I have spent most of life this way, anticipating a monster around every corner and challenge in my life. I have walked through tremendous times in my sobriety. I knocked on 22 doors of homes I robbed -- knees shaking, stomach turning, dry mouthed -- and slowly acknowledged the harm and pain I inflicted on these innocent families.
I have walked into stores, too numerous to count, with no home, phone or personal references and asked for employment, only to be turned away, time after time. Having to dig deep and tap into my perseverance, finally I found a job and began to put my life back together.
I have stood behind the man who raped me, only to have my fear of him morph into an unexpected sense of compassion, leaving him in peace to find his own way in recovery. I have sat with my family and friends and listened with grace and dignity about the harm and effect I had on their lives. I have stood in front of family and friends and vowed my life to a man I love, given birth when I was sure I was unworthy of children, and I have stood in front 2,500 people, turned the microphone on and shed light on my darkest days. I have traveled the country working with families, and I have published my first book. And even after all this, I still get held up by fear.
I realize how great I am at surviving, but that I’m only just now learning how to live. I can survive hopeless drug addiction, rape, and the freezing, ruthless streets that nearly killed me, but do you know I cannot make banana nut bread? No matter how hard I try. I have tried recipes from Martha Stewart, Cooking light and Real Simple to name a few, and for the life of me I can get the middle to cook as quickly as the sides. All I want to do is make a %&*# loaf of bread to feed my kids as my mom did for me, but instead I end up with bread that is raw in the middle and two laughing little children who think it is funny that their mom doesn’t know how to cook.

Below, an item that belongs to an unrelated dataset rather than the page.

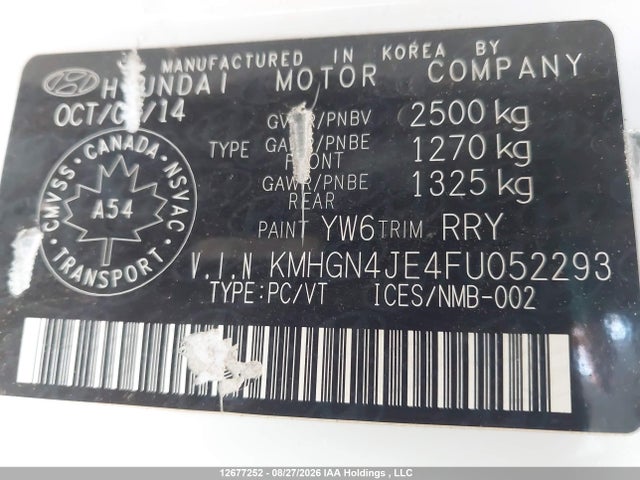 Hyundai Genesis 3.8l 2015 KMHGN4JE4FU052293 Image 19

Do you know that I am afraid to have people over for dinner? I am scared that somehow people might see through my pretty furniture and shiny floors and be able to tell how unsure of myself I truly am. It is amazing to me that I can put on a Calvin Klein suit and stare at myself in the mirror only to see the lost, drug addicted broken girl staring back me. I walk out the door to my presentation with a fear deep within, that when the lights go down and the spotlight finds my body, that all the audience will be able to see is the scared girl that is hiding in me. I feel fear as I navigate through the male-dominated addictions industry, struggling with the belief that my thoughts and feelings and ideas are valid and purposeful.
There is no greater captor than my own mind and the limitations I put on myself. I have done a good job facing my fears but as my life gets larger and healthier, I am still, at times, held back by fear. My greatest challenge is my deep fear of being seen. Maybe it is the bitter aftertaste of rape, maybe it is memory of my past -- that if I am truly seen, then the world will find out that beneath it all, I am scared and, sometimes, feel unworthy of all the respect and success I have created in my life.
I want to take my rightful place in this world, shrinking back for no one. I want to stand face forward, chest out, arms at my side and walk straight into my destiny. One day at a time, I want to live free of the bondage of fear and self-doubt. Today, I will live free. Fear will no longer be an excuse not to live my life to the fullest.